UPDATE Followining up on the helpful comments from SimonO101 and Ari, here's some benchmarking comparing dataframes and data.tables, loops and lapply, and with and without gc
# self-contained speed test of untable
n = 50; i = 100
WORD <- vector(mode = "integer", length = n)
for (i in 1:n){
WORD[i] <- paste(sample(c(rep(0:9,each=5),LETTERS,letters),5,replace=TRUE),collapse='')
}
# as data table
library(data.table)
dat_dt <- data.table(WORD = WORD, COUNTS = sample(1:50, n, replace = TRUE))
dat_list_dt <- lapply(1:i, function(i) dat_dt)
# as data frame
dat_df <- data.frame(WORD = WORD, COUNTS = sample(1:50, n, replace = TRUE))
dat_list_df <- lapply(1:i, function(i) dat_df)
# increase object size
y <- 10
dt <- c(rep(dat_list_dt, y))
df <- c(rep(dat_list_df, y))
# untable
untable <- function(x) rep(x$WORD, times = x$COUNTS)
# preallocate objects for loop to fill
df1 <- vector("list", length = length(df))
dt1 <- vector("list", length = length(dt))
df3 <- vector("list", length = length(df))
dt3 <- vector("list", length = length(dt))
# functions for lapply
df_untable_gc <- function(x) { untable(df[[x]]); if (x%%10) invisible(gc()) }
dt_untable_gc <- function(x) { untable(dt[[x]]); if (x%%10) invisible(gc()) }
# speedtests
library(microbenchmark)
microbenchmark(
for(i in 1:length(df)) { df1[[i]] <- untable(df[[i]]); if (i%%10) invisible(gc()) },
for(i in 1:length(dt)) { dt1[[i]] <- untable(dt[[i]]); if (i%%10) invisible(gc()) },
df2 <- lapply(1:length(df), function(i) df_untable_gc(i)),
dt2 <- lapply(1:length(dt), function(i) dt_untable_gc(i)),
for(i in 1:length(df)) { df3[[i]] <- untable(df[[i]])},
for(i in 1:length(dt)) { dt3[[i]] <- untable(dt[[i]])},
df4 <- lapply(1:length(df), function(i) untable(df[[i]]) ),
dt4 <- lapply(1:length(dt), function(i) untable(dt[[i]]) ),
times = 10)
And here are the results, without explicit garbage collection, data.table is much faster and lapply slightly faster than a loop. With explicit garbage collection (as I think SimonO101 might be suggesting) they are all much the same speed - a lot slower! I know that using gc
is a bit controversial and probably not helpful in this case, but I'll give it a shot with my actual use-case and see if it makes any difference. Of course I don't have any data on memory use for any of these functions, which is really my main concern. Seems that there is no function for memory benchmarking equivalent to the timing functions (for windows, anyway).
Unit: milliseconds
expr
for (i in 1:length(df)) { df1[[i]] <- untable(df[[i]]) if (i%%10) invisible(gc()) }
for (i in 1:length(dt)) { dt1[[i]] <- untable(dt[[i]]) if (i%%10) invisible(gc()) }
df2 <- lapply(1:length(df), function(i) df_untable_gc(i))

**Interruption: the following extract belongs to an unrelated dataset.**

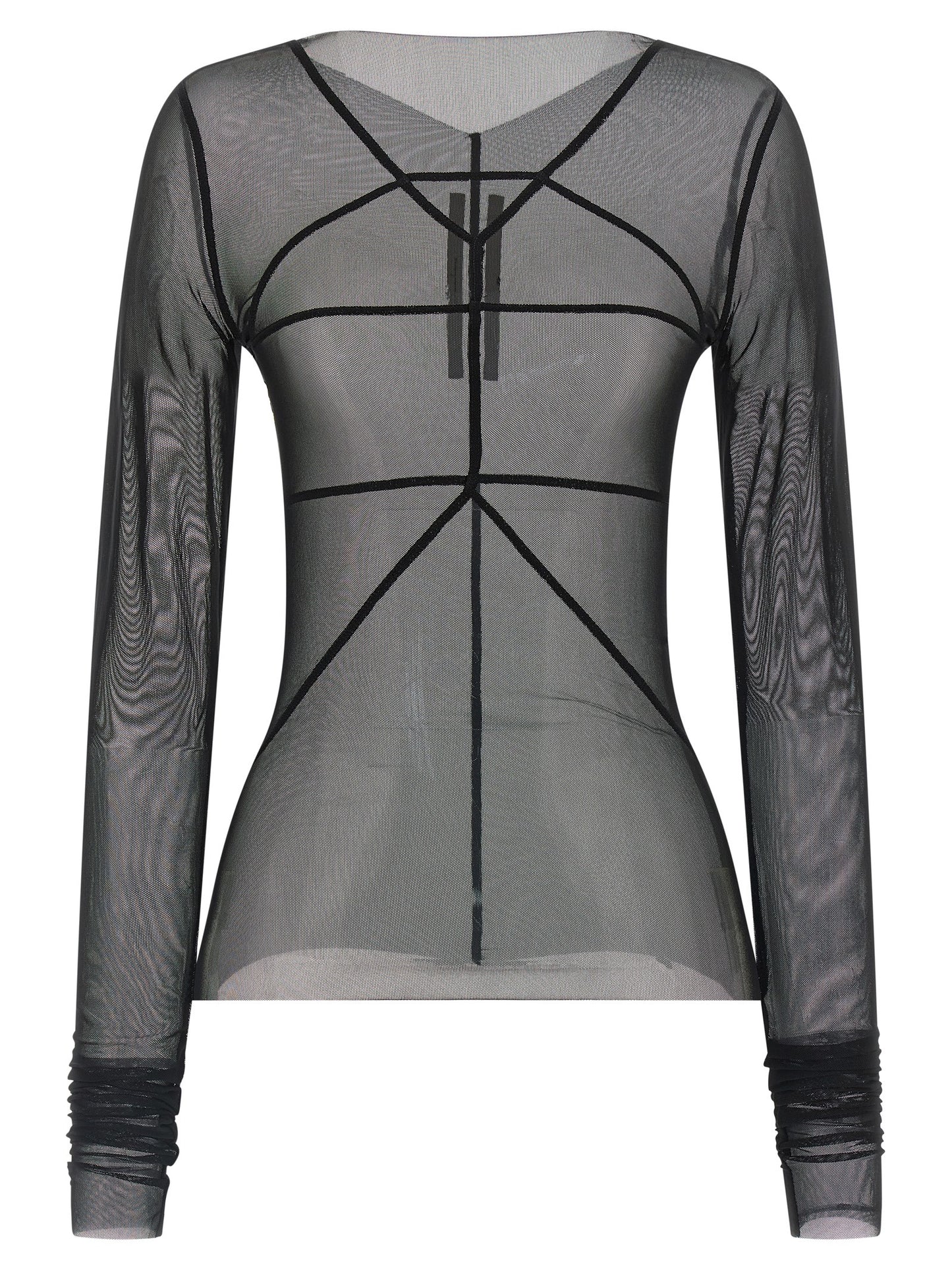 Rick Owens Black Nylon Cardigan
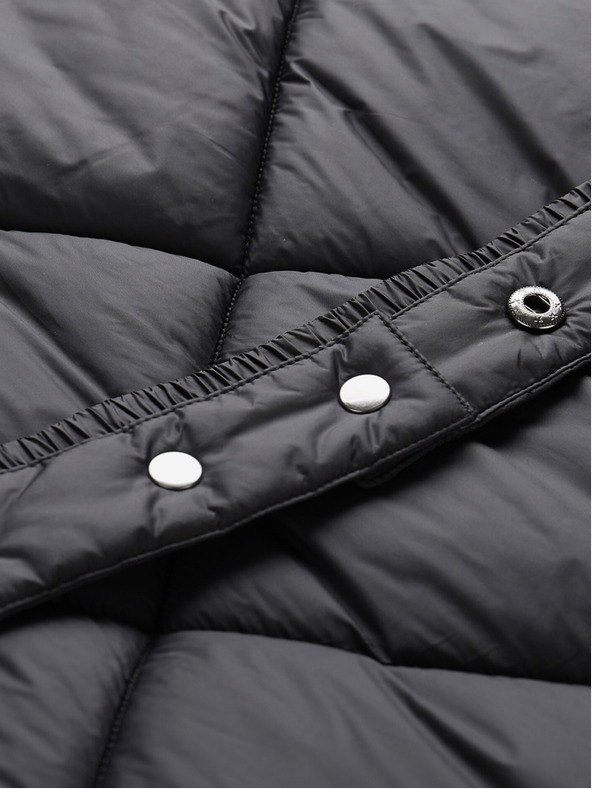 NAX Černý dámský zimní prošívaný kabát NAX ZARGA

dt2 <- lapply(1:length(dt), function(i) dt_untable_gc(i))
for (i in 1:length(df)) { df3[[i]] <- untable(df[[i]]) }
for (i in 1:length(dt)) { dt3[[i]] <- untable(dt[[i]]) }
df4 <- lapply(1:length(df), function(i) untable(df[[i]]))
dt4 <- lapply(1:length(dt), function(i) untable(dt[[i]]))
min lq median uq max neval
37436.433962 37955.714144 38663.120340 39142.350799 39651.88118 10
37354.456809 38493.268121 38636.424561 38914.726388 39111.20439 10
36959.630896 37924.878498 38314.428435 38636.894810 39537.31465 10
36917.765453 37735.186358 38106.134494 38563.217919 38751.71627 10
28.200943 29.221901 30.205502 31.616041 34.32218 10
10.230519 10.418947 10.665668 12.194847 14.58611 10
26.058039 27.103217 27.560739 28.189448 30.62751 10
8.835168 8.904956 9.214692 9.485018 12.93788 10
Upvotes: 4
Views: 1993
Reputation: 1227
If you really are going to be using very large data you can use the h5r package to write hdf5 files. You would be writing to and reading from your hard drive on the fly instead of using RAM. I have not used this so I can be of little help on it's general usage, I mention this because I think there's is no tutorial for it. I got this idea by thinking about pytables. Not sure if this solution is appropriate for you.